ACTIVITY :: Looking through the listing, how many of its lines hold the word "Antibody"? Answer with only the number.

EXERCISE DATA ::
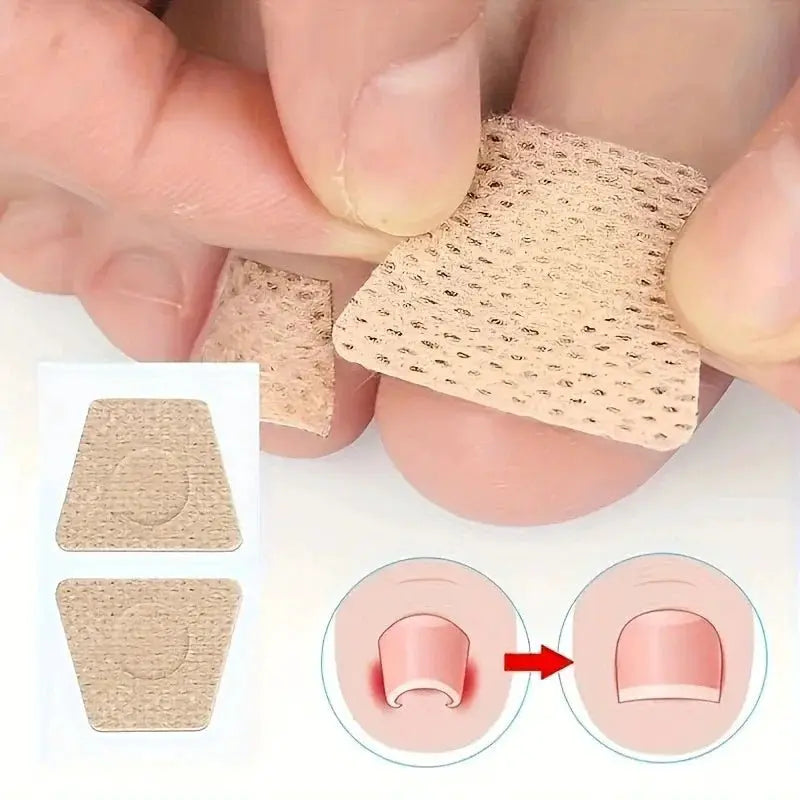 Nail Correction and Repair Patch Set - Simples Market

---

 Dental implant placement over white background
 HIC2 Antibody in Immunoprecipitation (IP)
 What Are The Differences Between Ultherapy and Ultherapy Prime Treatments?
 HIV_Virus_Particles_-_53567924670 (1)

--

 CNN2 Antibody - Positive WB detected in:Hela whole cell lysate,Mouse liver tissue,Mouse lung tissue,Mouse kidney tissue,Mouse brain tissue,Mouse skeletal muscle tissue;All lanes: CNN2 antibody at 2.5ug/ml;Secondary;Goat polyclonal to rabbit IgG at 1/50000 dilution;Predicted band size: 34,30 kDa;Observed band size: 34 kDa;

PROBLEM SOLUTION :: 2